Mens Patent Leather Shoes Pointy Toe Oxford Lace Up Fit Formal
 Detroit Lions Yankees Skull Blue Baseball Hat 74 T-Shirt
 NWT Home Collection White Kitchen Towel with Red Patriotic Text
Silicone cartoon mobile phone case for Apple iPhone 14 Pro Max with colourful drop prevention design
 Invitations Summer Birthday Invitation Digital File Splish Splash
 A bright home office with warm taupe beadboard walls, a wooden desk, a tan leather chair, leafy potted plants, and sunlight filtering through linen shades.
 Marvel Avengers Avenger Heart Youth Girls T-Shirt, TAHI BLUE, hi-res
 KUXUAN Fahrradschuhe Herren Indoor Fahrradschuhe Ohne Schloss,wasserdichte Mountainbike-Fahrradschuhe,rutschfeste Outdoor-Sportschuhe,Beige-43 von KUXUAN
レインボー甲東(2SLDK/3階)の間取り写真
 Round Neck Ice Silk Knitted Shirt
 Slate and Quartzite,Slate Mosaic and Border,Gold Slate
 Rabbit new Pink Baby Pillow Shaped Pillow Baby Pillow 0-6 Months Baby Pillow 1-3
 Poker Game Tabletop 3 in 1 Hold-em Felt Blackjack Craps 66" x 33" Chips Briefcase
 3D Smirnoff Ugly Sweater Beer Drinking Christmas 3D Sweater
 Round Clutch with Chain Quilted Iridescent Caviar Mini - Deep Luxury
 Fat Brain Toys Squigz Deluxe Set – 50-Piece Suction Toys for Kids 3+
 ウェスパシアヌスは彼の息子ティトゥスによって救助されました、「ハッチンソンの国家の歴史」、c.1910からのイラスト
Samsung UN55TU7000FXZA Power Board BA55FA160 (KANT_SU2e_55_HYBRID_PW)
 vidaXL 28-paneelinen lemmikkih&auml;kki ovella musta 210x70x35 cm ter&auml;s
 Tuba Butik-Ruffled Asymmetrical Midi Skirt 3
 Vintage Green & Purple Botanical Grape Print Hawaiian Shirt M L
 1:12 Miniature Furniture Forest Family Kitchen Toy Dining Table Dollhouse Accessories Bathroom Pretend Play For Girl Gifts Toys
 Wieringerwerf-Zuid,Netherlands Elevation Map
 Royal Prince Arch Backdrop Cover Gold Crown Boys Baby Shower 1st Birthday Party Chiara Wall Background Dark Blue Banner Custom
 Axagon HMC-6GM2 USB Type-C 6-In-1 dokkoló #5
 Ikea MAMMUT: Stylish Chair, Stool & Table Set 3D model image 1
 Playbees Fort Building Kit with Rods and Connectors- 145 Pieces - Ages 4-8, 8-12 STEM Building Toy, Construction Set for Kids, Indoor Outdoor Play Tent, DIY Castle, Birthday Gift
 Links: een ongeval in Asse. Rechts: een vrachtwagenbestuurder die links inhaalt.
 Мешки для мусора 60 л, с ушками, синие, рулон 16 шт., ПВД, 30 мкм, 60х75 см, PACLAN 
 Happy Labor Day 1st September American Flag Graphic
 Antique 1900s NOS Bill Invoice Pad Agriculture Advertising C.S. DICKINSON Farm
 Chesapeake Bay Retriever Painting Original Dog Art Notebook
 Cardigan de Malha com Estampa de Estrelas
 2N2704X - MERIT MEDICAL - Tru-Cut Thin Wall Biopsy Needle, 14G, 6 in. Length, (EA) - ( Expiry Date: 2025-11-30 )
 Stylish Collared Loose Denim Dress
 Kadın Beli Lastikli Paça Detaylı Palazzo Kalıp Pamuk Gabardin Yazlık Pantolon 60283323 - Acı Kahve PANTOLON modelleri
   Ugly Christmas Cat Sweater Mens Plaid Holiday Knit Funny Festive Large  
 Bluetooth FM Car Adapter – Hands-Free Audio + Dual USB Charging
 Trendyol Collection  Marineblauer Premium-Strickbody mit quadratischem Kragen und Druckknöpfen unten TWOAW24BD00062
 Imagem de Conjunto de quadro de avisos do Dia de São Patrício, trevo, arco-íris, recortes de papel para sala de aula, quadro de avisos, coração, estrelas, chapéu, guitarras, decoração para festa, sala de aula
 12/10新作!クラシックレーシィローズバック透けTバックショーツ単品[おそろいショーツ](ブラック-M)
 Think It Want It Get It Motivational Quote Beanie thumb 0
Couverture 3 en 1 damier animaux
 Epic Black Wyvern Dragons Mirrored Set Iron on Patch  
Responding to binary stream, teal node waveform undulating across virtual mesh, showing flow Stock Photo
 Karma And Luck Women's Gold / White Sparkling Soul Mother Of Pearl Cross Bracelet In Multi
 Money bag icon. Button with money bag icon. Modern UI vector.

### Aim of the exercise
You are asked to reproduce word for word the line containing "Karma And Luck" and every subsequent line through the end of the entries.

### Solved exercise
 Karma And Luck Women's Gold / White Sparkling Soul Mother Of Pearl Cross Bracelet In Multi
 Money bag icon. Button with money bag icon. Modern UI vector.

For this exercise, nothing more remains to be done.